Lettres

François Cheng Une nuit au cap de la Chèvre Albin Michel

Par Ghislaine Lejard

Une invitation improbable et François Cheng va découvrir, en Bretagne, le Cap de la Chèvre, un bref séjour en «  ce point extrême de la terre d’Occident » face à l’Océan.

Une nuit de solitude, face aux éléments qui se déchaînent, «une nuit inattendue », alors l’urgence de dire en humilité et simplicité «  ce qu’il y a de spécifique dans le fait d’être un humain, afin que le sens et la dignité de sa destinée soient, si possible, affirmés. ».

François Cheng revit, redit ce que Pascal a ressenti, en ses mots à la tonalité pascalienne : « Alors que le cosmos ignore sa propre existence, la Vie, elle, vécue par nous est douée de conscience. » « Je prends soudain conscience que nous sommes, à notre niveau, l’œil ouvert et le cœur battant de cet univers. Si nous sommes à même de penser l’univers, c’est que véritablement, il pense en nous. »

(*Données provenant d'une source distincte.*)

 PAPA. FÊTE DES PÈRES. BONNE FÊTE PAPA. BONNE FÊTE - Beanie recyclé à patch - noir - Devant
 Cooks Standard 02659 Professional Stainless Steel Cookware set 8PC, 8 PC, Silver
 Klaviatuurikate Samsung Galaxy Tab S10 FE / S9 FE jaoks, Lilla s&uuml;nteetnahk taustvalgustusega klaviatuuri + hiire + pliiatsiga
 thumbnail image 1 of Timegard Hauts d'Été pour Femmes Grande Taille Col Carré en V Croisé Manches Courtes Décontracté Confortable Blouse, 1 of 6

Alors que François Cheng approche de ses 100 ans, cette méditation incarnée fait face à la mort, alors même que notre société moderne « refuse de dévisager la Mort en sa vérité ».

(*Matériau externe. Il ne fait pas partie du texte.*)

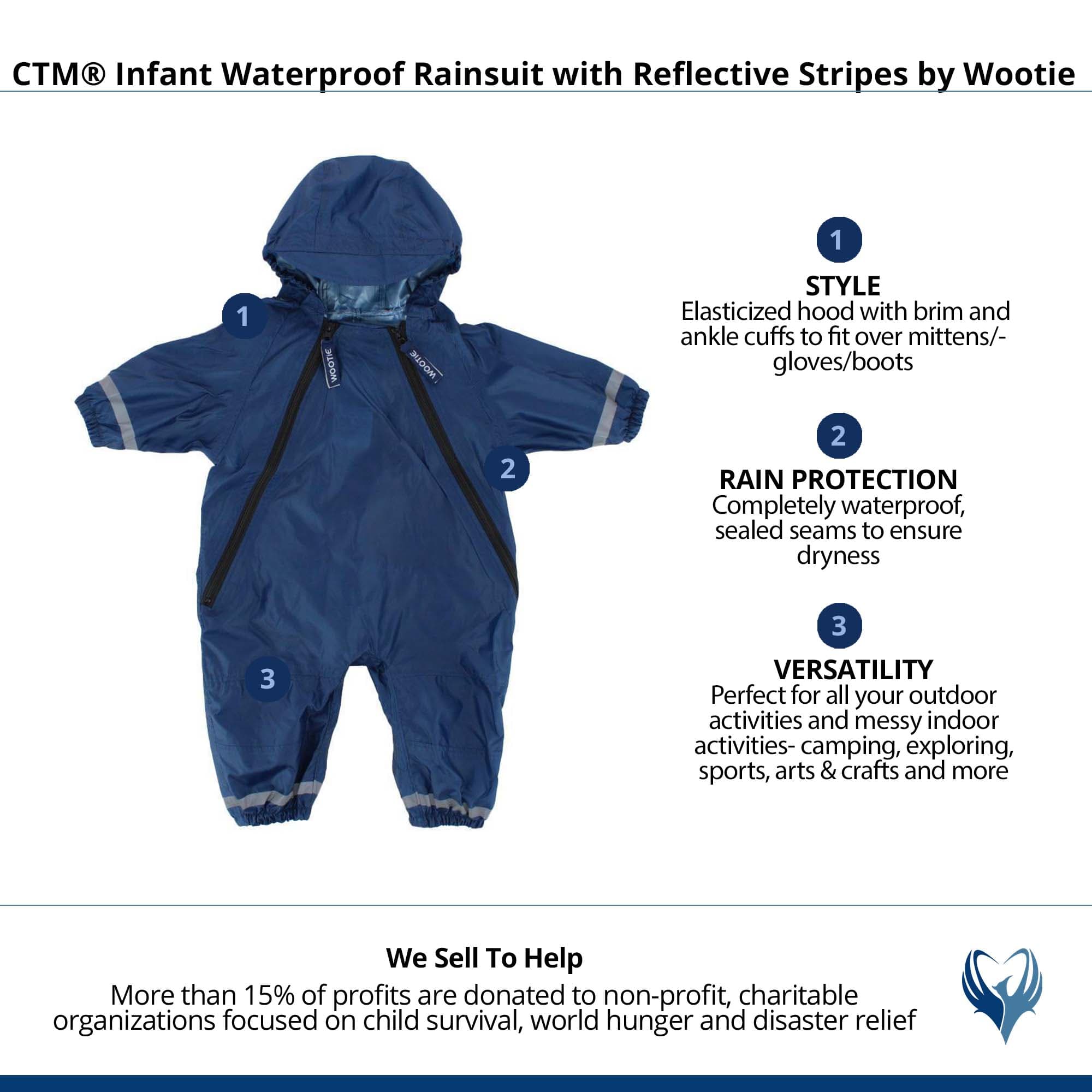 CTM® Infant Waterproof Rainsuit with Reflective Stripes by Wootie - Navy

Les mots de François Cheng font écho à ceux d’un autre poète Rainer Maria Rilke :« la Mort est un Ouvert, elle donne accès à la transformation. »

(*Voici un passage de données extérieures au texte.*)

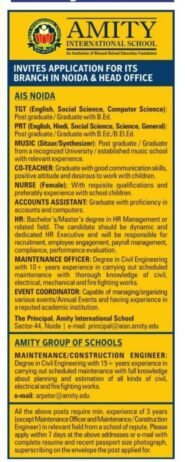 Teacher Recruitment at Amity International School, Noida, Uttar Pradesh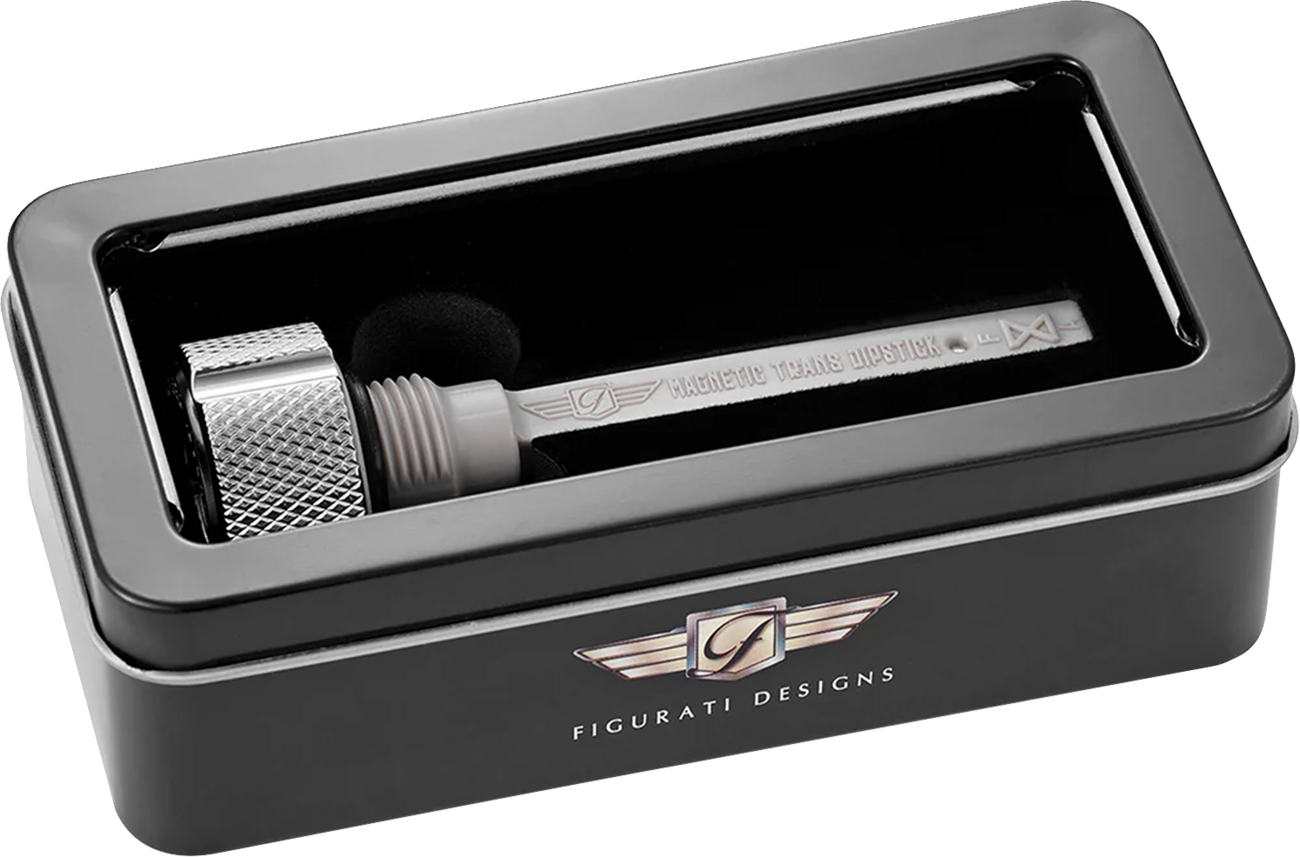 FIGURATI DESIGNS Transmission Oil Dipstick - Magnetic - Knurled - Silver - M8 FD01-MAGTD-KN-SS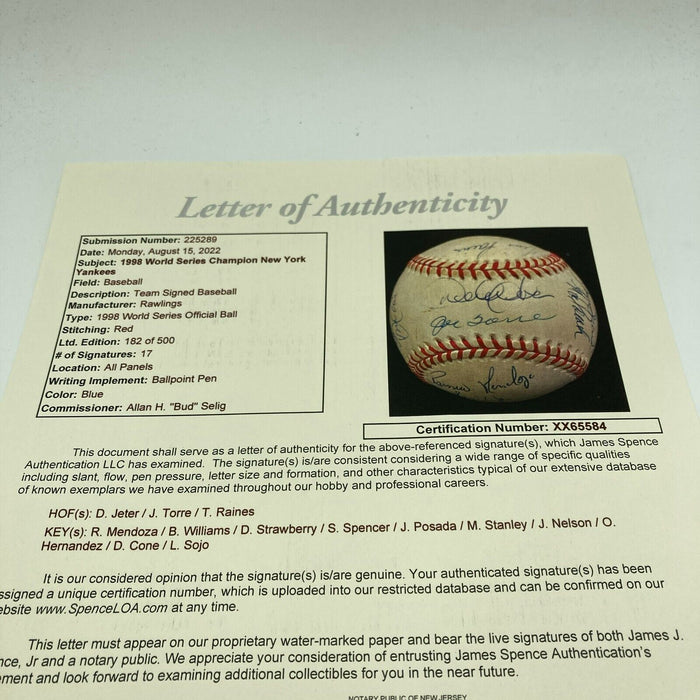 1998 Yankees World Series Champs Team Signed Baseball Derek Jeter JSA COA
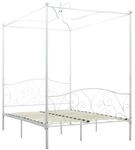 vidaXL Himmelbett-Gestell Wei&szlig; Metall 120 x 200 cm618239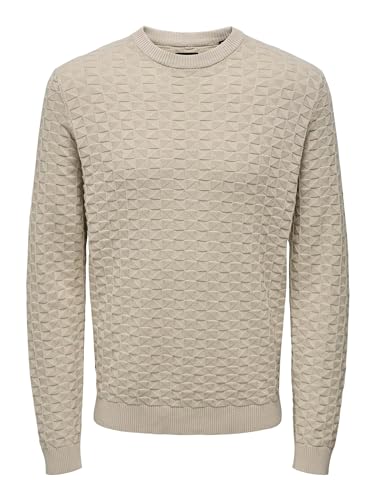 ONLY & SONS Lässiger Pullover Gerippter Karo Feinstrick Longsleeve Design Muster Sweater von ONLY & SONS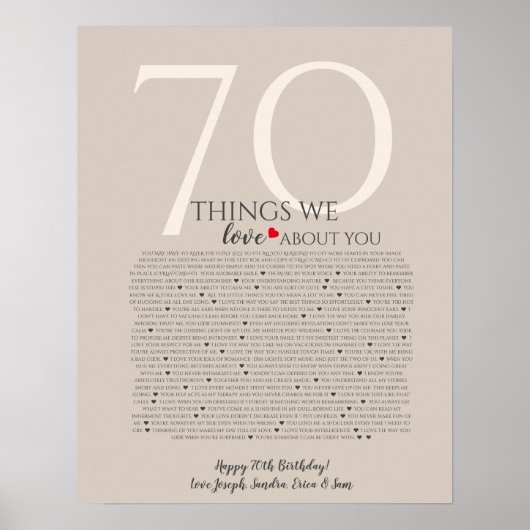 Dinge, die wir über Sie Liebe 70, 60, 50, Poster (Vorne)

Une méditation qui se réfère à la mort du Christ, une mort qui « ouvre la Voie à la Vie qui ne périra plus », pour François Cheng le christianisme rejoint le Tao : « Celui qui cède à l’amour en se donnant au monde, à lui sera confié le monde ».

En ce point de l’Extrême Occident, il rejoint l’Extrême Orient d’où il est venu. Sa vie fut un parcours intime qui a relié deux grandes cultures et il n’a cessé d’être dans la Voie.

Cette méditation, c’est aussi une réflexion sur la poésie et le rôle du poète ; la poésie occidentale antique et le mythe d’Orphée rejoignent le poète chinois Qu Yuan qui tel Orphée, monta dans la sphère céleste et descendit au royaume des ténèbres.

François Cheng nous offre des poèmes de Vie, de mort et de lumière.

Vraie lumière

Celle qui jaillit de la Nuit

Et vraie nuit

Celle d’où jaillit le Lumière

(…)

Nous entrerons dans le Verbe divin

Nous épouserons son Souffle prophétique.

Tout ce qui est de Vie sera repris,

Au sein du nouveau cercle concentrique.

En cette nuit au Cap de la Chèvre, François Cheng nous redit qu’il n’a rien oublié de ce qui fut son chemin, entre errances et rencontres, entre ombre et lumière, entre remords et gratitude, entre précarité et confiance. Il sait nous dire que rien ne se perd et que tout est sauvé pour que : «  d’âme en âme, la chaîne des frémissements partagés ne soit pas rompue, pour que tous les trésors accumulés soient sauvés. »

François Cheng : écrivain, poète, calligraphe français d’origine chinoise, membre de l’Académie française depuis 2002.